France faces tough coalition talks after leftist takeover

French President Emmanuel Macron on Monday (8) asked his prime minister to stay in office for now, as he awaits what will be difficult negotiations to form a new government after a surprise leftist victory in elections that resulted in a suspended parliament.

The left-wing New Popular Front (NFP), which includes the far left, emerged as the dominant force in the National Assembly after Sunday’s (7) election, thwarting Marine Le Pen’s attempt to bring the far right to power.

However, with no group securing a working majority, the result heralded a period of political volatility ahead of the Paris Olympics and heightened uncertainty among investors over who would govern the euro zone’s second-largest economy.

“It’s not going to be simple, no, it’s not going to be easy and no, it’s not going to be comfortable,” Green Party leader Marine Tondelier told France Inter radio. “It’s going to take a little bit of time.”

The range of possibilities includes the formation of a minority government by the NFP or the formation of a top-heavy coalition of parties with almost no common ground.

Prime Minister Gabriel Attal, a centrist and close ally of Macron, offered his resignation, but the head of state rejected it.

“The president has asked Gabriel Attal to remain as prime minister for the time being in order to ensure the country’s stability,” Macron’s office said in a statement.

A fragmented Parliament will make it harder to pass a domestic agenda and will likely weaken France’s role in the European Union.

The left won 182 seats, Macron’s centrist alliance 168 and Le Pen and her allies’ National Rally (RN) 143, according to Interior Ministry figures cited by Le Monde. Other media outlets gave slightly different counts, and the final numbers will depend in part on whether individual lawmakers join different groups.

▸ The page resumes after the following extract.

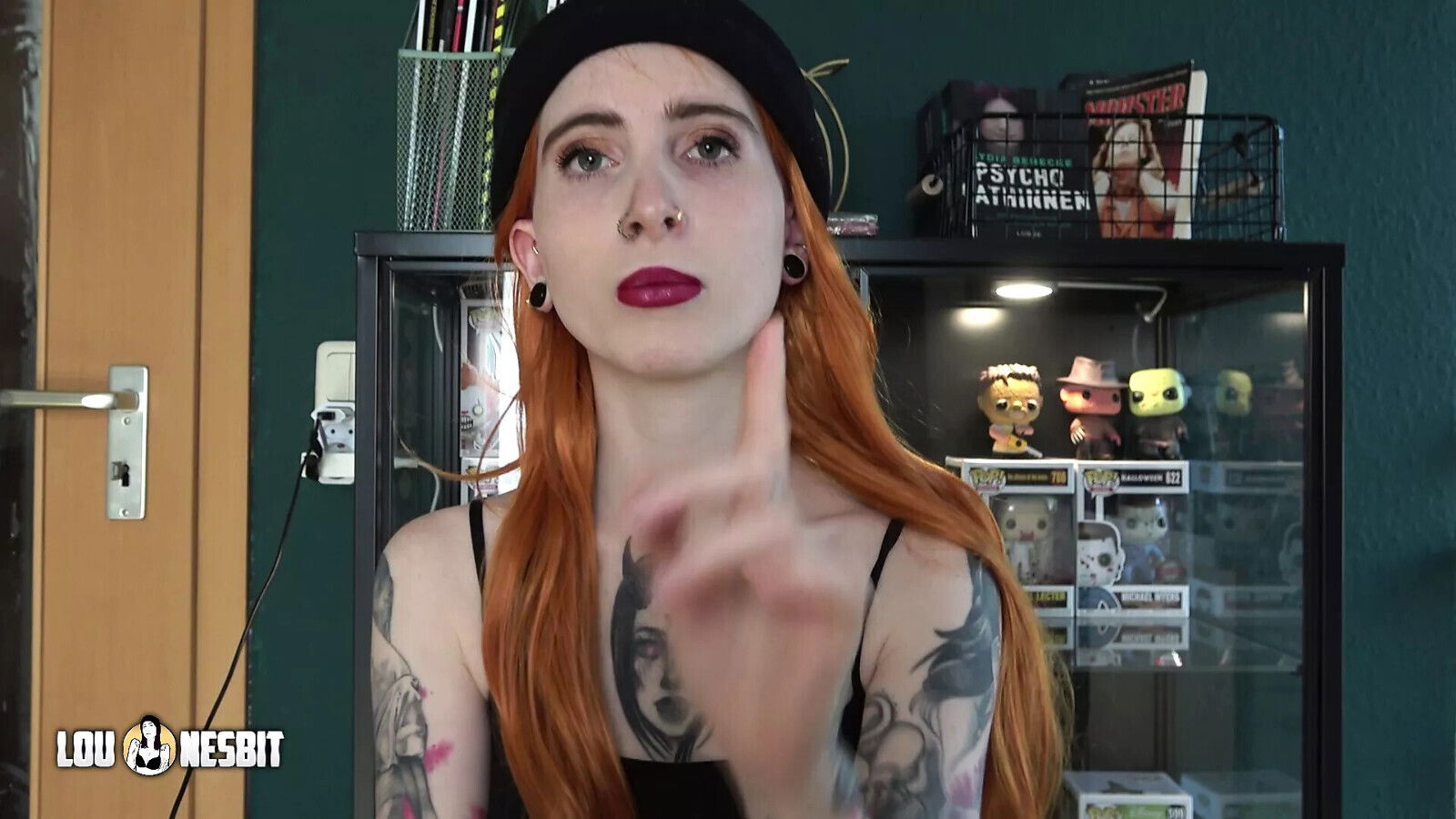 Reverse Gangbang vielen Frauen benutzt!!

Interior Minister Gérald Darmanin was seen entering the Elysee presidential palace shortly after Attal, suggesting the president was gauging the views of his allies on what to do next.

Leaders of the NFP’s constituent parties met overnight and are due to meet again on Monday to discuss who should replace Attal and what strategy the alliance should adopt, said a source in the Communist Party, one of its smaller members.

The NFP, hastily assembled for this election in an attempt to unify the left-wing vote against the far right, has no single leader and did not say before the election who its choice for prime minister would be.

Marine Tondelier, one of several NFP figures seen as possible candidates for the job, told France Inter radio that it could be someone from the far-left France Insoumise party, the Greens or the Socialists, the three biggest parties in the alliance.

But there appears to be no consensus on important issues, such as the need for the bloc to seek support from other forces, such as Macron’s centrists.

Olivier Faure, the Socialist leader, told France Info radio he expected the parties to agree on a plan this week, but dodged a question about whether the NFP was prepared to negotiate a deal with Macron’s centrist camp.

Jean-Luc Mélenchon, the leader of France Insoumise, one of the most divisive figures in French politics, explicitly ruled out any deal with the centrists on Sunday, and on Monday his ally Manuel Bompard appeared intransigent.

“The president needs to appoint as prime minister someone from the New Popular Front to implement the NFP program, the whole program and nothing but the program,” he told France 2 television.

However, there is little chance that any of the left bloc’s main proposals, which include raising the minimum wage, reversing Macron’s pension reform and capping prices on key products, will pass a parliamentary vote without some kind of deal with lawmakers outside the bloc.